Woven wire, non-climb fencing can be used with wood posts and metal t-posts. While it is possible to use 2 metal t-posts for every 1 wood post, this will not be nearly as secure as if all posts were wood. Additionally, even if you use a mix of wood posts and metal t-posts, ends and corners must have proper wood braces, or the fence is not going to remain standing for very long (be sure to check out the video on fence bracing linked below for more information on this very important topic). For some residents, a mix of wood and metal t-posts may work fine, but properly installed wood posts will make the fence more secure. Remember, the fence needs to be strong enough to withstand normal resident activity. T- posts may bend or become loose as residents repeatedly rub against or lean on the fence. Additionally, if residents headbutt the fence, they may break, bend, or dislodge t-posts.
For fencing that separates groups of goats, t-posts may not be strong enough to withstand repeated slamming. Also, keep in mind that if there is a chance the outdoor space will be used for other species at some point, or if you expand in the future and the fence line becomes a shared fence for another species, a t-post fence may not be appropriate or strong enough to safely secure larger residents (such as pigs, cows, or horses). While more expensive, wood post fencing will be stronger and allow for more flexibility in terms of how outdoor living spaces can be used. Wood posts as small as 5 inches in diameter can be used as line posts, but upright brace posts need to be at least 6 inches in diameter.

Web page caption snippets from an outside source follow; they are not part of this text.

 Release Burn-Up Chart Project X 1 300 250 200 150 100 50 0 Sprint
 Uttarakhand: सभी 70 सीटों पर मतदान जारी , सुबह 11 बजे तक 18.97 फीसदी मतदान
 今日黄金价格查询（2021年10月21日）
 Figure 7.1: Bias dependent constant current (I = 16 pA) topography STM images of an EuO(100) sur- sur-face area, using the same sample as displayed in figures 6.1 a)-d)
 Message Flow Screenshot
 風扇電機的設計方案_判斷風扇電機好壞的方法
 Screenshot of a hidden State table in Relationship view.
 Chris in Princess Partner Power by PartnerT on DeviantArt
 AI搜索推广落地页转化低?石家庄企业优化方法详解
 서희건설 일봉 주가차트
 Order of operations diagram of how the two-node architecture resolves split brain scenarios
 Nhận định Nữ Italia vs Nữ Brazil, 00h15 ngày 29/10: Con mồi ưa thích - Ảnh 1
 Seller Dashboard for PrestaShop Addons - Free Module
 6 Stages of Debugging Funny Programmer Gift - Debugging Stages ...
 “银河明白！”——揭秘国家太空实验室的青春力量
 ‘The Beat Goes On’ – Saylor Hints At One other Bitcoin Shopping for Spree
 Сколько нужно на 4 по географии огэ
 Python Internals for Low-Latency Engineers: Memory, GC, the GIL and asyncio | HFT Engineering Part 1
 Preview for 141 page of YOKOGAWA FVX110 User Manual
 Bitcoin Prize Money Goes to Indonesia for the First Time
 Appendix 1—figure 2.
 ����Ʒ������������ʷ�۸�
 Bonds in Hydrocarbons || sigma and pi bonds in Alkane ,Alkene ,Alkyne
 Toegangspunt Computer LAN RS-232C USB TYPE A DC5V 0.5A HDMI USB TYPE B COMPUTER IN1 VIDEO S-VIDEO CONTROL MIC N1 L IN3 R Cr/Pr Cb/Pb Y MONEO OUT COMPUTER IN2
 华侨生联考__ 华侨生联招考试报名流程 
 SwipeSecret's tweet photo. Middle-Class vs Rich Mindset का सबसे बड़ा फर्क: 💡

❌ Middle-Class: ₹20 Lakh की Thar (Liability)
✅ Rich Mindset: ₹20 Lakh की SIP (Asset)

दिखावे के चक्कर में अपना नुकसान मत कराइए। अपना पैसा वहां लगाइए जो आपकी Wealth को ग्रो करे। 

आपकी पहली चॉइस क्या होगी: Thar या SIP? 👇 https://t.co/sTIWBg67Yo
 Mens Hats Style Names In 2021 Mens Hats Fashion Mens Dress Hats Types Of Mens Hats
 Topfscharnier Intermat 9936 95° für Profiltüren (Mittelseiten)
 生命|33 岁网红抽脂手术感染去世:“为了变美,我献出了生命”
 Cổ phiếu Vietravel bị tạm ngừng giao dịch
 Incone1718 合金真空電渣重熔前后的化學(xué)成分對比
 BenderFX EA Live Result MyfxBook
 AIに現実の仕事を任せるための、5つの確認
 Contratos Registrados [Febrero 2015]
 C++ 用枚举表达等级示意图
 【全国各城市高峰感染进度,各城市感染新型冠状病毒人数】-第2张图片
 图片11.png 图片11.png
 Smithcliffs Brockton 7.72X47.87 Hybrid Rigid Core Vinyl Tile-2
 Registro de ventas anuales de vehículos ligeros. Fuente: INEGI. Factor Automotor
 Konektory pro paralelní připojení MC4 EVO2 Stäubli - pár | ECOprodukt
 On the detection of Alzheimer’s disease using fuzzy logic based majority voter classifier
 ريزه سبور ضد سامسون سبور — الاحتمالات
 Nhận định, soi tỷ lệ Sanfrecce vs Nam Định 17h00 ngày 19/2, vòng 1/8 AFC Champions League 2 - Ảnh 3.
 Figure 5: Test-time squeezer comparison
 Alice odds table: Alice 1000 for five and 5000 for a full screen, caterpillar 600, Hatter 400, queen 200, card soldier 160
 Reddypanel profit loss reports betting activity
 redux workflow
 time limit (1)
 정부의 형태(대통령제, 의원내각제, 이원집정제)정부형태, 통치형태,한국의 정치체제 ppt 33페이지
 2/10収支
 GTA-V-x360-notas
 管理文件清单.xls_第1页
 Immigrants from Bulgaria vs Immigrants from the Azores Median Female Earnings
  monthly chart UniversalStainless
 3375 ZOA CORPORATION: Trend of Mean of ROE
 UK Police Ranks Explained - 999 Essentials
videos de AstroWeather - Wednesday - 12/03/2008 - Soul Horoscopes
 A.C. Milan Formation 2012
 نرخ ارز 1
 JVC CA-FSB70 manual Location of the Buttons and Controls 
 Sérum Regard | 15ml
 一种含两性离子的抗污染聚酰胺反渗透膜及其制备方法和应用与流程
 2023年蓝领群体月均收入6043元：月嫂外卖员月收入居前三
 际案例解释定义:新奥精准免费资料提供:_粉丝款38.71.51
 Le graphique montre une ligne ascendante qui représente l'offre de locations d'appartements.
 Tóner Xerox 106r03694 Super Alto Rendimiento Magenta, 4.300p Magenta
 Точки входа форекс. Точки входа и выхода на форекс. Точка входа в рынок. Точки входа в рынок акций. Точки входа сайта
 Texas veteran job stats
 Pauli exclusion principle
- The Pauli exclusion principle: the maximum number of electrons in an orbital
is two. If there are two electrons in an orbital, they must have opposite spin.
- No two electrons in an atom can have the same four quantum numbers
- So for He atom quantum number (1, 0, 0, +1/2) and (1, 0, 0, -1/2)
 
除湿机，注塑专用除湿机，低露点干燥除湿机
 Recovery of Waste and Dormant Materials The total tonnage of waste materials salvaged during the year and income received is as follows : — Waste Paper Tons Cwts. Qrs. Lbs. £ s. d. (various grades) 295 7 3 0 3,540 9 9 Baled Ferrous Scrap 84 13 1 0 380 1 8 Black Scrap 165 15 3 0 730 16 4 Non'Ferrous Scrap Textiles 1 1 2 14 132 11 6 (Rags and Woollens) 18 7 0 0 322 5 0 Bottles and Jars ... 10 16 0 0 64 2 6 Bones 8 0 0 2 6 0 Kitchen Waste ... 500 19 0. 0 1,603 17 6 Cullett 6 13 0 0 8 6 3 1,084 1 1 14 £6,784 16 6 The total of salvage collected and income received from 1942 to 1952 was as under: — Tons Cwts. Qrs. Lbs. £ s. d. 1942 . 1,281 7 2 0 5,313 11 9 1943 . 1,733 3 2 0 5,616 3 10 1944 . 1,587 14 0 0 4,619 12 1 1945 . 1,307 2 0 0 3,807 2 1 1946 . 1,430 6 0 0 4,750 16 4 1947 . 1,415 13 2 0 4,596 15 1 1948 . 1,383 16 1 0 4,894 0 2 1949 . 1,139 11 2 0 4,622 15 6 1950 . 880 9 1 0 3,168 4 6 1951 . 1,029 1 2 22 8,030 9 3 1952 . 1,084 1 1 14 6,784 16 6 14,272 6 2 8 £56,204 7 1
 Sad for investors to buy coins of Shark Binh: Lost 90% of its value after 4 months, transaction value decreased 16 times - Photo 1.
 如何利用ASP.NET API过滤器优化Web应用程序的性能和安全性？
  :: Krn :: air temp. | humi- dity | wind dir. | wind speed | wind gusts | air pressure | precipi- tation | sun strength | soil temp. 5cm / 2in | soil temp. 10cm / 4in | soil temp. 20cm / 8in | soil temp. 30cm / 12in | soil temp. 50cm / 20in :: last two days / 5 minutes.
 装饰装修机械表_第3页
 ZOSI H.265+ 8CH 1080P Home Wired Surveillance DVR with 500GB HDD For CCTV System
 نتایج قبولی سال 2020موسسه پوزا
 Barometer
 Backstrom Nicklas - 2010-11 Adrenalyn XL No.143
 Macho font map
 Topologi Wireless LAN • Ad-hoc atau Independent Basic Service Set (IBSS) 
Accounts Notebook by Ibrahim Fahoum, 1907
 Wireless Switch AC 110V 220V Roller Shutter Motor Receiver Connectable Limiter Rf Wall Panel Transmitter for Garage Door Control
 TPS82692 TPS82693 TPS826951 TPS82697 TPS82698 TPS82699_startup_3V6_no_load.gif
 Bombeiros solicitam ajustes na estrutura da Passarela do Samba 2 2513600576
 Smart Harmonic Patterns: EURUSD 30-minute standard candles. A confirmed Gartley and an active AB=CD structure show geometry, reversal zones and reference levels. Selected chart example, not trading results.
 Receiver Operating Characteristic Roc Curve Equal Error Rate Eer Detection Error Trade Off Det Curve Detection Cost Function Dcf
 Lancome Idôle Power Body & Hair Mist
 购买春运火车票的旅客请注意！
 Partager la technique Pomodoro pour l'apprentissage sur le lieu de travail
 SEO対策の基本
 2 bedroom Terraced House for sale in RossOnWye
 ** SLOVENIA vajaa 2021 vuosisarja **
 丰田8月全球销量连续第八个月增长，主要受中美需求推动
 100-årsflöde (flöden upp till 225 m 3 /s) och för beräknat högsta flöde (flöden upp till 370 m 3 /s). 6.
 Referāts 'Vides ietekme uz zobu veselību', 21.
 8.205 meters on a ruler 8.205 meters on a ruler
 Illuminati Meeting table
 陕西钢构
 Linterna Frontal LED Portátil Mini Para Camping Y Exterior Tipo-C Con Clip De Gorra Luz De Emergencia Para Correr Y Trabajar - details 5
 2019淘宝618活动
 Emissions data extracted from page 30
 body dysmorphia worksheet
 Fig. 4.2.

Fencing for goats also needs to be able to withstand residents using it as a support for their front legs while standing on their back legs. Not only might t-posts not be able to withstand this pressure, but non-climb fencing used without wood boards is also likely to bend and could be crushed down so that it is no longer as tall as it was, making it possible for residents to jump or climb over it. Adding a wooden board at the top of the fence can prevent this from happening.
Fences that separate different groups of goats may need 3-4 horizontal boards rather than just a top board. The wood boards help protect the non-climb fencing from damage (and help keep residents contained if the non-climb fence develops a breach), and the non-climb fencing covers gaps between wood boards where a horn, head, or limb could get caught (depending on the size of the gap) and can also protect boards from being knocked loose if they are repeatedly hit from behind.
Just as indoors, be sure to use heavy-duty gates that can withstand both resident activity and the elements.